I took a deep breath.
“I pass judgements based on other people’s opinions,” I said, slowly, “and that’s fine because I’m not out here claiming that other people aren’t real. Your position is logically incoherent in a way that mine isn’t.”
“I pass judgements based on other people’s opinions,” she said, doing a deliberately shitty impression of my voice.
“You don’t pass shit,” she finished, using her own voice again, “You are a rock, rolling downhill. The other souls you lug around are just as fake as you are. There’s no substance to you, nothing there beyond the obvious. Just rocks colliding with one another, signifying nothing.”
“Is that how you can do what you do?” I demanded. “Just tell yourself that we don’t suffer and it’s ok to mistreat us? A few words of garbage philosophy to make everything ok, no matter how much of a shit you are?”

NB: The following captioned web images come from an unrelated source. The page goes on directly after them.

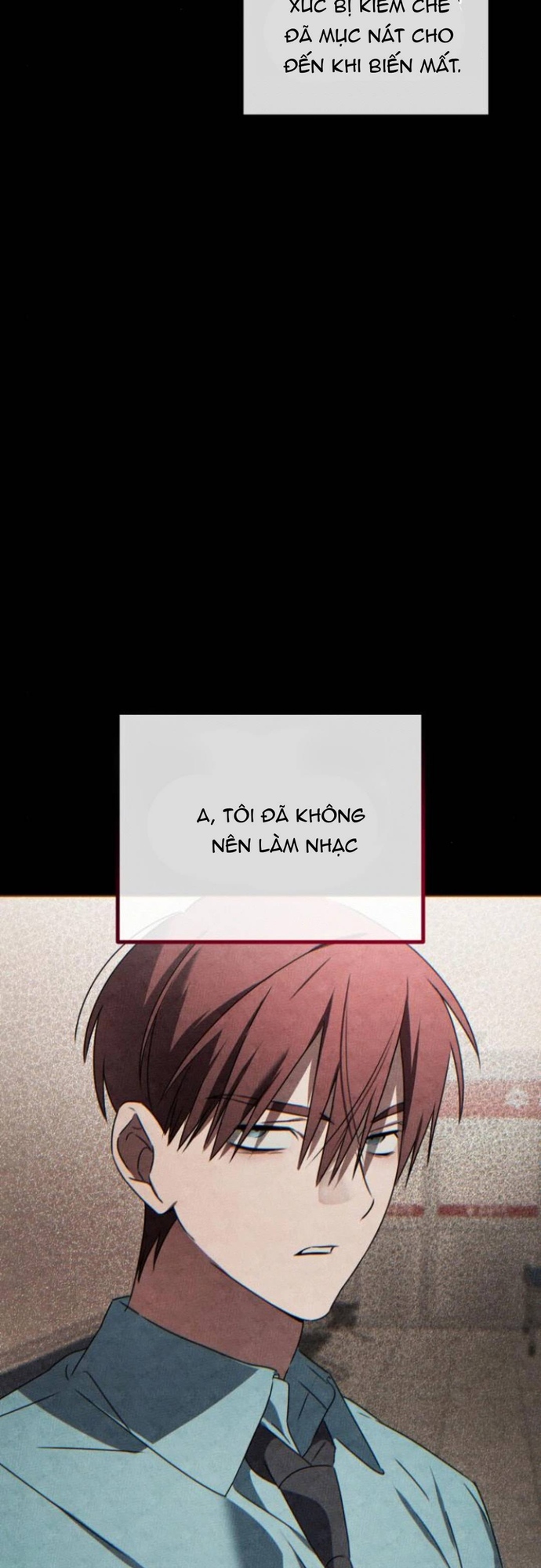 Sounds Like - Chương 16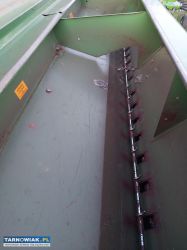 Siewnik hassia dlv 2,5m - Obrazek 2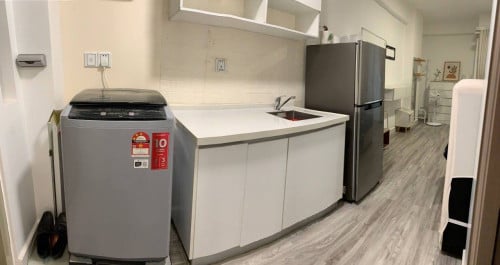 Studio Arakawa for rent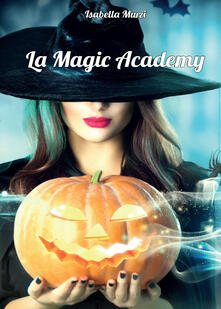 La magic academy.pdf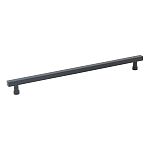 Schaub and Company NOHO 12" (305mm) Center-to-Center Square Cabinet Pull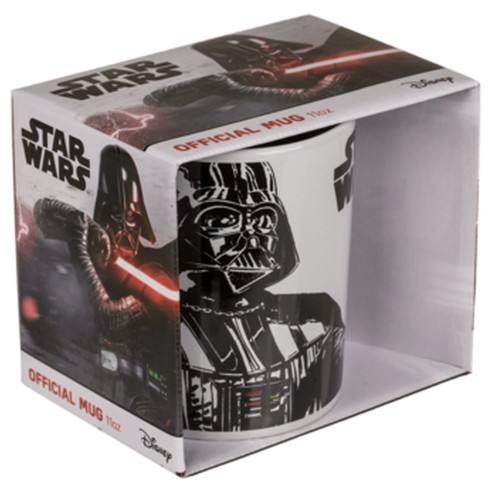 Taza Star Wars The Power of Coffe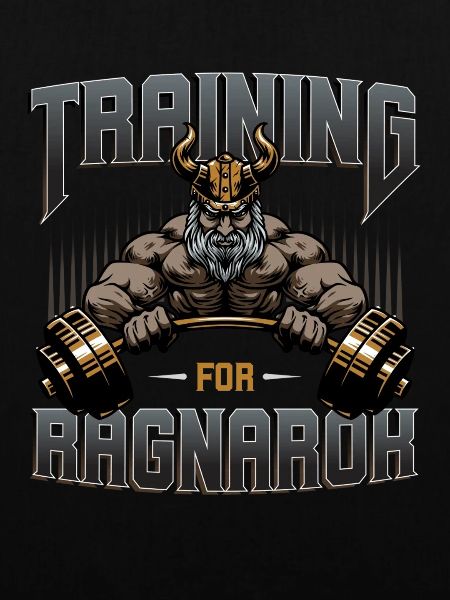 Wikinger, Wikinger Odin, Thor,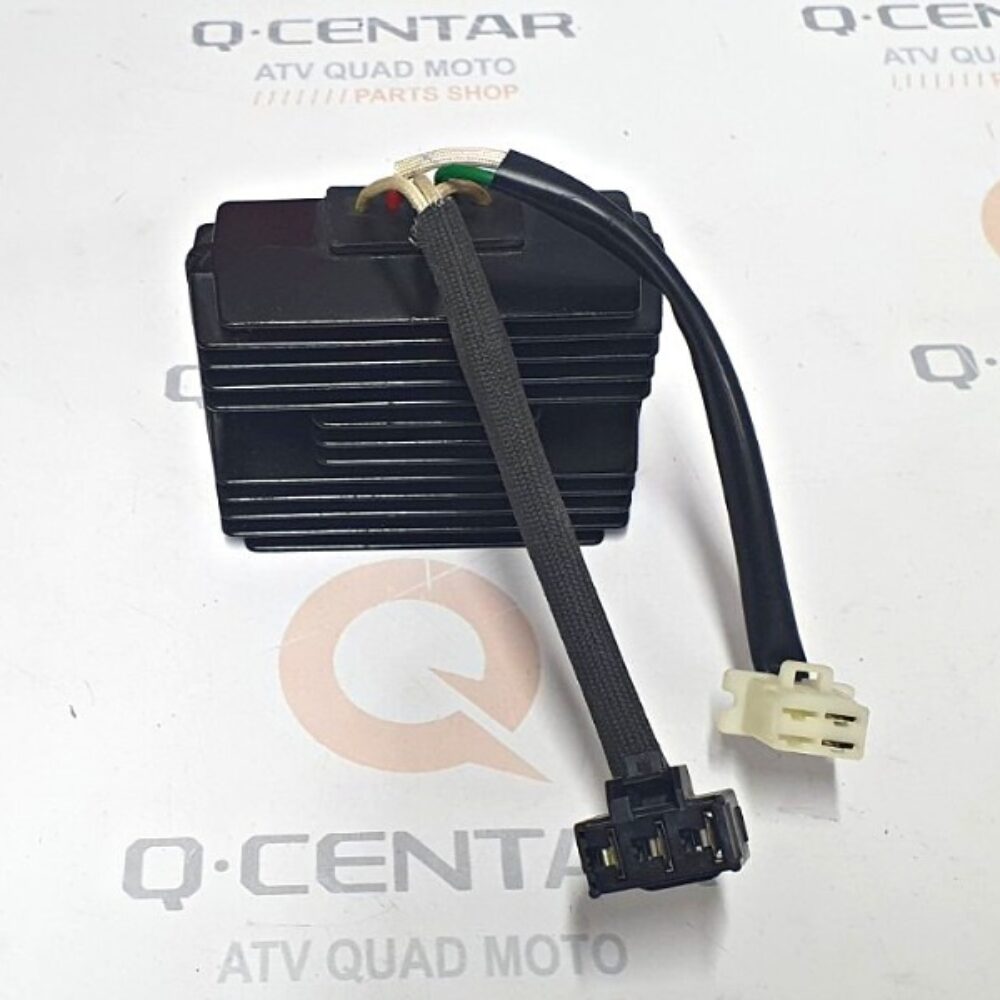 Regler CFMOTO CF 500 625 X5 X6 GOES 500…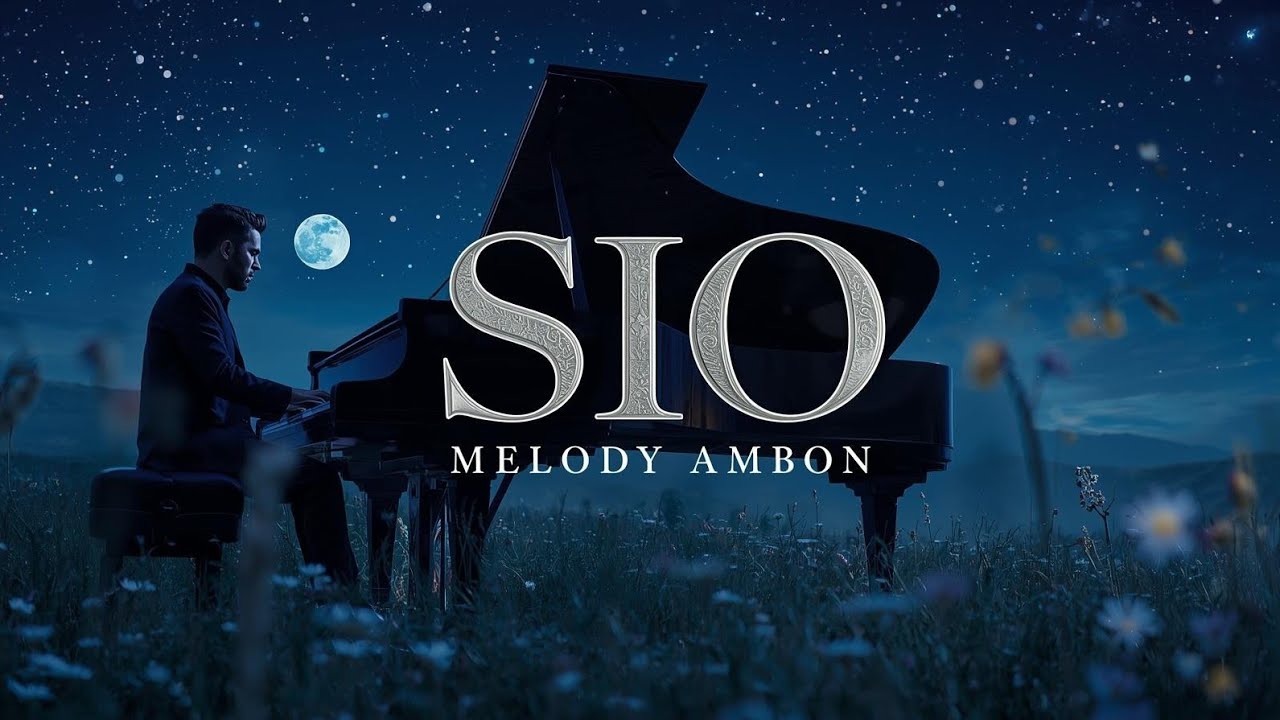 SIO – Doddie Latuharhary ( Cover ) R&B | Melody Ambon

She pointed a finger again, but something had flipped in my soul. I couldn’t have backed down if I wanted to.
I’d moved beyond fear. Fury and sorrow ruled me now.
“You are pitiful,” I said, “I truly, really mean that. I thought it when I met Condemner’s true self, and I’m more convinced than ever upon meeting you. You are wretched creatures.”

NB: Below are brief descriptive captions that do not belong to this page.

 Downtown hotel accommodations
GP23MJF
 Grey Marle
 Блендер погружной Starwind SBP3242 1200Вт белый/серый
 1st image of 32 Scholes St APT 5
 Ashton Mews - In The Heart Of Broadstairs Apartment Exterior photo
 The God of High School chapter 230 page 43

Remover rolled her eyes at me, the juvenile expression strange on a face so lovely.
“It isn’t a coincidence,” I went on, “That Prevailer, the worst of us, ended up on top. You chose that. You chose all of that horror, just because the absolute lowest a human could go was the only thing one of your kind could actually recognize.”
I was caught off guard by her sudden chuckle. It seemed entirely genuine.

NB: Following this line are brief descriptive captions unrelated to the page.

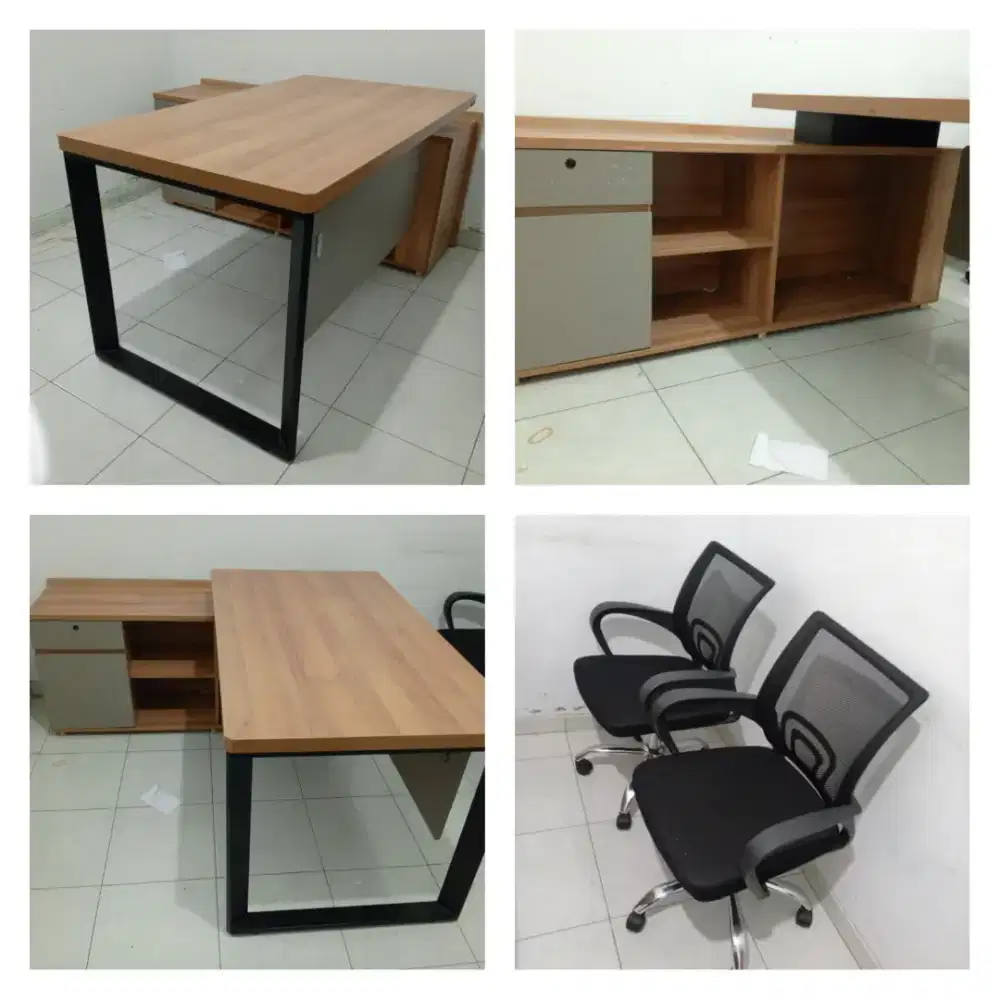 Perabotan ex warung kopi dan coklat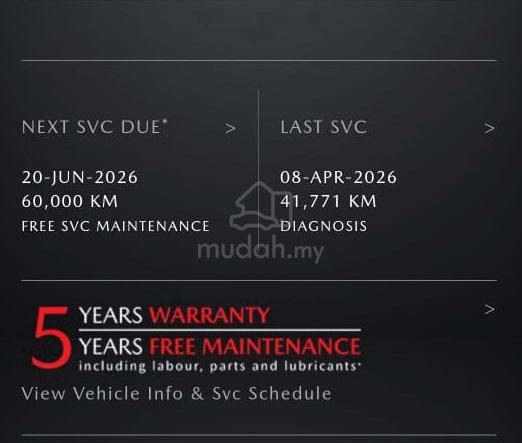 2023 Mazda 3 2.0 GVC HIGH PLUS LIFTBACK 40K KM WRY - 5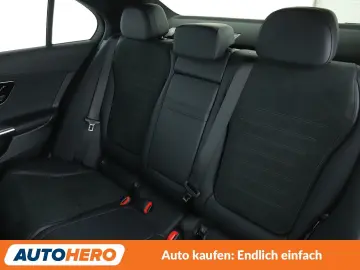 MERCEDES-BENZ C 200 4Matic AMG Line Aut. 360CAM NAVI AHK LED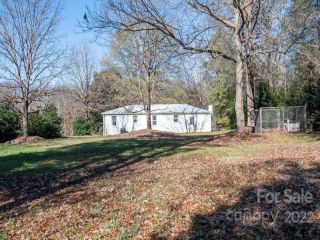 Foreclosed Home - 3591 REEPSVILLE RD, 28092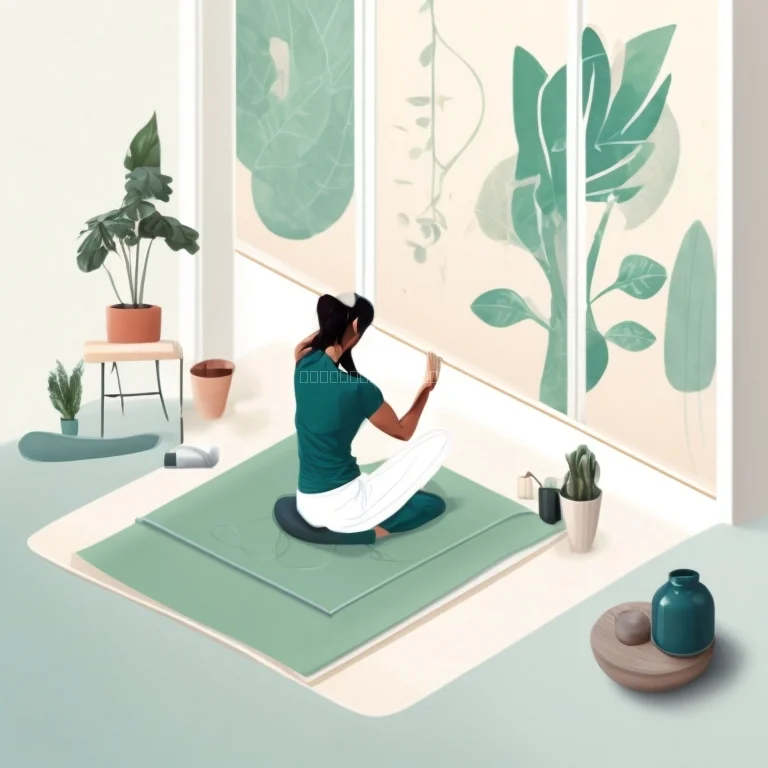 Group coaching session at MindGrowtPath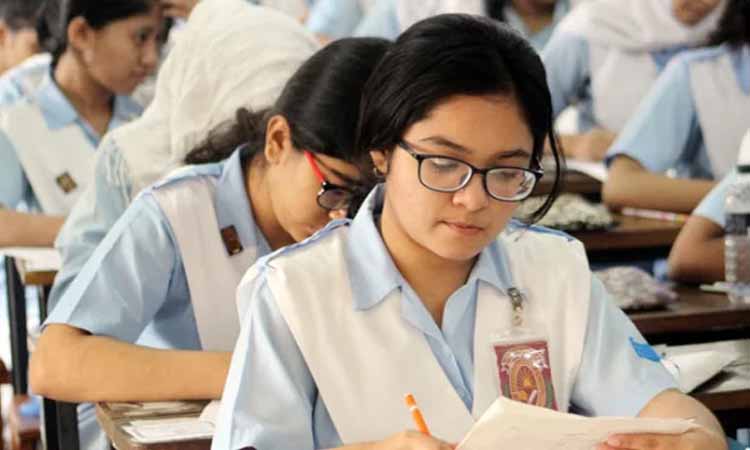 এইচএসসি ও সমমানের পরীক্ষা শুরু আজ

“Jane,” she said, when she’d finished, “Answer me honestly. Do you think for a second that Prevailer was the worst person I could have picked?”
I still wanted her eyes to be somehow inhuman, but there was just nothing there. It was just a person sitting across from me, making casual small talk after killing all but a remnant of those I’d-
“I wouldn’t put anything past your spite, your cruelty,” I fairly spit at her. “I’m not going to dance for your amusement. If I guess I’m sure you’ll just call me wrong and take it as an excuse to commit some other atrocity.”
Remover leaned across the table, reached out a hand as though to rest it on mine.
I jerked away, barely able to keep myself from going for my gun again.
“I don’t need excuses,” she said, “And you… Jane, you aren’t anything outside of what I want you to be. The only reason you’d answer me was because I made you answer me. Same goes for your silence. It’s my decision. You are a stone, falling. You are a domino, toppling in a line. There’s nothing to you, to any of you.”
“Now the insul-“
I couldn’t finish before she spoke over me again.
“That’s how I can see the future, Jane. It isn’t divination, it’s nothing more or less complicated than making a decision. We are beyond you. I picked the moment of your arrival. I picked how you’d get here. I blocked your bullets because I decided where you’d shoot. You and your kind, your whole universe…it’s just clockwork all the way down. Entirely predictable, no mysteries, nothing but physics.”
“You failing to recognize the suffering you’ve inflicted doesn’t fucking excuse you, you freak!” I snapped back, instantly, “It isn’t for the criminal to tell his victims whether their pain is real or not!”
She pantomimed a wince.
“Alright,” she said, “Let’s play it out. So you’ve just tried to kill me, that didn’t work, now you are trying to hurt my feelings with a shitty lecture. What’s next? Are we gonna make out?”
I slammed a fist into the table. There was no way out of this situation anyway, but I didn’t have to fucking take this.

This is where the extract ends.